Foram mais de 70 mil registros na década

Fonte: AR

A união estável entre pessoas do mesmo sexo passou a ser reconhecida pelo Supremo Tribunal Federal no dia 5 de maio de 2011. Posteriormente, o casamento civil também foi reconhecido. De lá pra cá, segundo a Associação dos Notários e Registradores do Brasil (Anoreg), foram quase 74 mil oficializações de união de pessoas do mesmo sexo no País. 

São dez anos de avanços que precisam ser comemorados. Mas o Brasil, porém, continua sendo o país com os mais altos índices de violência contra esse público, que, infelizmente, segue sendo alvo de preconceito por uma parcela considerável da população.

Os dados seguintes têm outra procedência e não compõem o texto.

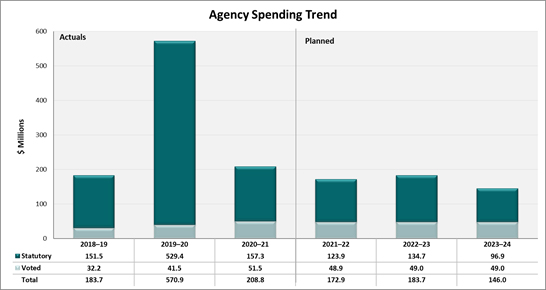 Departmental Spending Trend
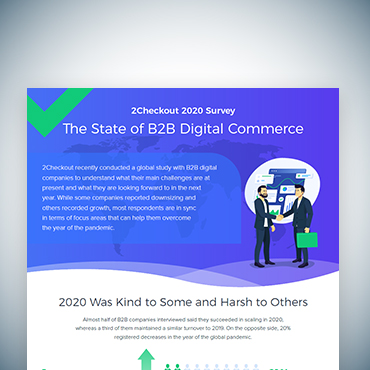 The State of B2B Digital Commerce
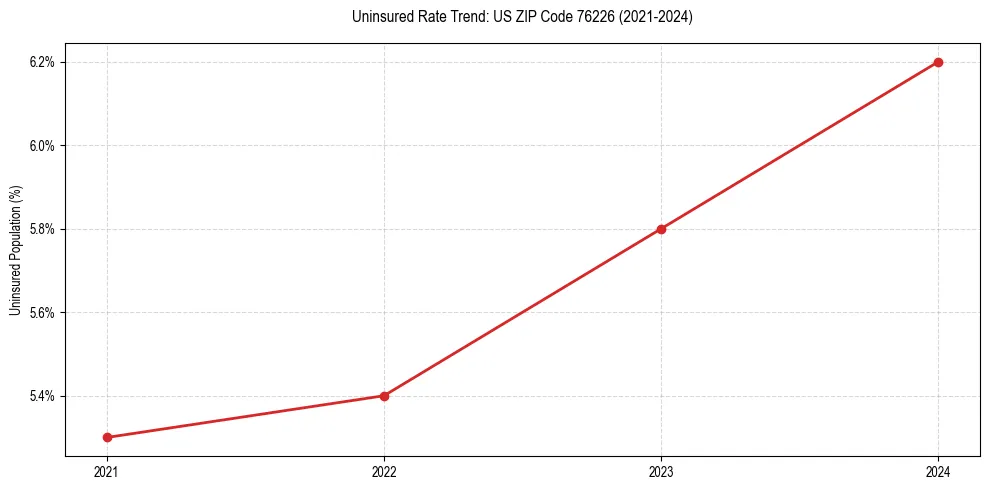 Uninsured trend chart for US ZIP Code 76226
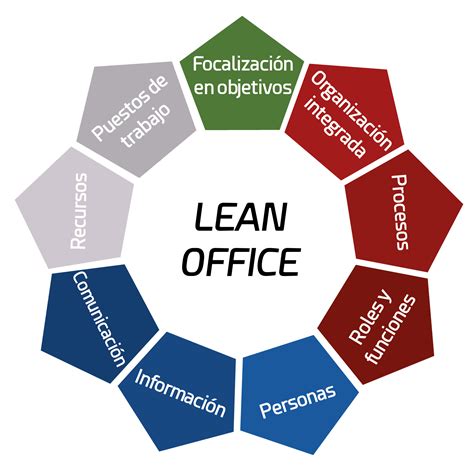 Lean Organization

Segundo dados do SUS, uma pessoa LGBT é agredida a cada hora no Brasil. Dados do Grupo Gay da Bahia levantaram 237 assassinatos em 2020. A violência é maior entre as pessoas trans: foram 56 assassinatos só nos primeiros meses de 2021, segundo dados parciais do Grupo, e 175 durante todo ano de 2020.
 
Para a militância, é muito importante celebrar a conquista e o reconhecimento de alguns direitos, mas ainda há muito trabalho a ser feito, especialmente no combate à homofobia.
 
“Somos cerca de 15% da população brasileira. Pagamos impostos, somos cidadãos, temos sonhos, desejos, experiências. Este marco de 10 anos [reconhecimento da união homoafetiva] é muito importante porque muitas pessoas que não se dizem homofóbicas querem relegar o nosso afeto, o nosso amor, ao privado, e são homofóbicas quando fazem isso. Por que o nosso afeto e os casamentos entre pessoas do mesmo sexo afetam tanto? É preciso reafirmar que a orientação sexual e a identidade de gênero não são escolhas: são condições da vida humana”, afirma Fabrício Rosa, diretor da Rede Nacional de Operadores de Segurança Pública LGBTQIA+ (Renosp-LGBTI+).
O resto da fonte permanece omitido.